Department of Pharmacy, School of Medicine and Pharmacy, College of Medicine and Health Sciences (CMHS), University of Rwanda, Kigali, Rwanda.
East African Community Regional Centre of Excellence for Vaccines, Immunizations and Health Supply Chain Management (EAC RCE-VIHSCM), University of Rwanda, Kigali, Rwanda.
PLoS One. 2020 Aug 3;15(8):e0236411. doi: 10.1371/journal.pone.0236411. eCollection 2020.
Access to affordable and good quality medicines is a key to meeting Sustainable Development Goal No. 3 by the year 2030. Prices, availability and affordability of essential medicines have been studied in many developing countries, but no such information has been published about Rwanda yet. This study aimed at providing data on prices, availability and affordability of medicines in different health facilities of Rwanda.
A survey was carried out on availability, prices and affordability of 18 medicines in Kigali City and five districts of Rwanda. 44 health facilities were surveyed, including public and faith-based hospitals, public and faith-based health centers and private pharmacies. The standardized methodology developed by WHO and Health Action International (HAI) was used to collect and analyze the data.

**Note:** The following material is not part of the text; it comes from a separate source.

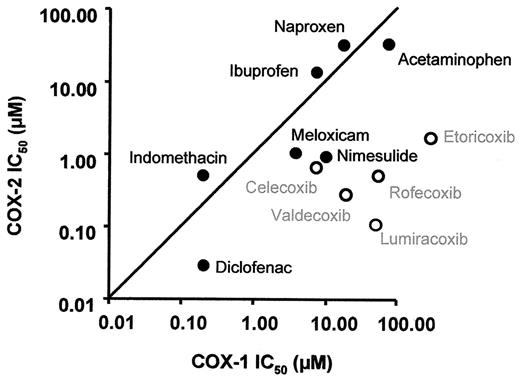 Figure 2. The degrees of cyclooxygenase (COX)-selectivity of various traditional non-steroidal anti-infammatory drugs (tNSAIDs) and coxibs (open circles). The concentrations required to inhibit COX-1 and COX-2 by 50% (IC50) have been measured using whole blood assays of COX-1 and COX-2 activity in vitro.18 The line indicates equivalent COX-1 and COX-2 inhibition. Drugs plotted below the line are more potent inhibitors of COX-2 than drugs plotted above the line. The distance to the line is a measure of selectivity. Lumiracoxib is the compound with the highest degree of selectivity for COX-2 as its distance to the line is the largest. Celecoxib and diclofenac have similar degrees of COX-2 selectivity, as their distances to the line are similar; however, diclofenac is active at lower concentrations and, thus, located more to the left. (Updated from FitzGerald GA, Patrono C. The coxibs, selective inhibitors of cyclooxygenase-2. N Engl J Med. 2001;345:433–442.)
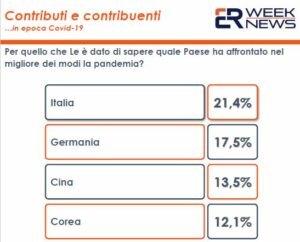 ROMA (ITALPRESS) - L'Italia riparte dalla "Fase 3 dell'emergenza coronavirus, con la riapertura...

Prices for generic medicines in public and faith-based health facilities were remarkably low, with median price ratios (MPRs) of 1.0 in comparison to the international procurement prices published by Management Sciences for Health. In private pharmacies, prices were twice as high (MPR = 1.99 for generics). Availability of medicines fell short of the of 80% target set by WHO, but was better than reported from many other developing countries. Availability of medicines was highest in the private sector (71.3%) and slightly lower in the faith-based (62.8%) and public (59.6%) sectors. The government procurement agency was found to work efficiently, achieving prices 30% below the international procurement price given in the International Medical Product Price Guide. Affordability of medicines was better in the public and faith-based sectors than in the private sector.
In Rwanda, medicines are affordable but poorly available in both the public and the faith-based sectors. Further improvements of the availability of medicines in the public and the faith-based health facilities represent the most important key to increase accessibility and affordability of medicines in Rwanda.
到 2030 年实现可持续发展目标 3 的关键是获得负担得起的优质药品。许多发展中国家都研究了基本药物的价格、供应情况和可负担性,但卢旺达尚未公布相关信息。本研究旨在提供卢旺达不同卫生机构药品价格、供应情况和可负担性的数据。
在基加利市和卢旺达五个地区的 44 家卫生机构中,对 18 种药品的供应情况、价格和可负担性进行了调查。这些卫生机构包括公立和宗教医疗机构、公立和宗教保健中心以及私立药店。采用世界卫生组织和健康行动国际组织(HAI)制定的标准化方法收集和分析数据。
公立和宗教医疗机构的仿制药价格非常低,与管理科学促进健康组织公布的国际采购价格相比,中值价格比(MPR)为 1.0。在私人药店,价格则高出两倍(仿制药 MPR = 1.99)。药品的供应情况低于世卫组织设定的 80%目标,但优于许多其他发展中国家的报告。药品供应情况在私营部门最高(71.3%),在宗教部门略低(62.8%),在公立部门最低(59.6%)。政府采购机构的工作效率很高,实现的价格比国际药品采购价格指南中给出的国际采购价格低 30%。在公立和宗教部门,药品的可负担性优于私营部门。
在卢旺达,药品价格可以负担得起,但在公立和宗教部门供应情况较差。进一步改善公立和宗教医疗机构的药品供应情况是增加卢旺达药品可及性和可负担性的最重要关键。